Разумеется, я не мог коснуться всех вопросов журналистской этики. Их великое множество. Но ясно одно: для достижения самых благородных целей в нашей нелегкой журналистской работе далеко не все средства хороши.


1972 г.

ОТКУДА БЕРУТСЯ РЕДАКТОРЫ

Прежде чем стать фельетонистом, я какое-то время ходил в очеркистах, а до этого работал репортером. Я писал о крановщиках и министрах, о докторах наук и смотрителях маяков, о генералах, о народных заседателях, о тигроловах… Но я так и не могу припомнить, чтобы я когда-нибудь рассказал о журналисте. Считается неудобным и вроде бы даже неприличным писать о своих собратьях по перу.

В чем тут дело? Откуда пошла такая традиция? Почему, скажем, парикмахеры, которые стригут и бреют все человечество, без всякой ложной скромности стригут и бреют членов своего цирюльного цеха? И почему журналисты, которые тоже стараются, чтобы люди выглядели свежее, лучше, красивей, не только друг друга не стригут и не бреют (с этим можно было бы легко примириться), но очень редко друг о друге пишут и говорят?

— Очерки о нашем брате особенного спроса не имеют, — с грустью сказал мне один старый газетчик. — Какой редактор их станет пропускать?

И тут я подумал, что если материалы о рядовых журналистах все же появляются раз в год в День печати, то о самих редакторах прочесть уже ничего нельзя. Может быть, именно поэтому фигура редактора окружена пеленою всеобщего неведения. Некоторые полагают, что редактор сидит лишь для того, чтобы исправлять ошибки в заметках сотрудников. Ну, а если сотрудники подобрались грамотные?
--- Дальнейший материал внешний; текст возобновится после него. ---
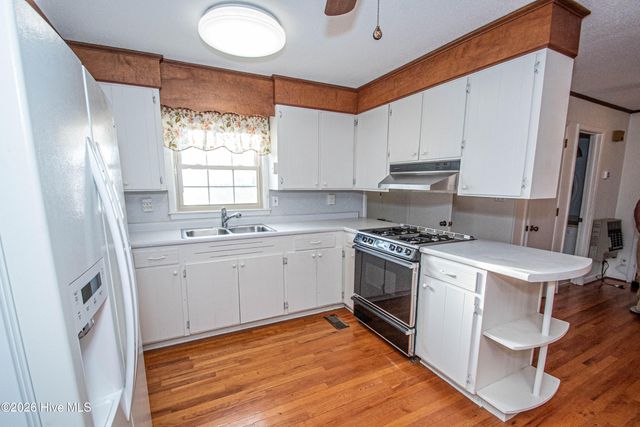 8564 S Nc 41 Highway, Wallace, NC 28466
Известна еще одна сторона редакторской деятельности: он состоит в переписке чуть ли не со всем городом. Писать редактору можно о чем угодно. Можно прислать поэму, сочиненную на работе в дни отпуска своего заведующего, а можно спросить, сколько бывает волос на теле самой волосатой обезьяны. Редактор не обижается. Не обижается, должно быть, потому, что на письма за него отвечают некие литсотрудники.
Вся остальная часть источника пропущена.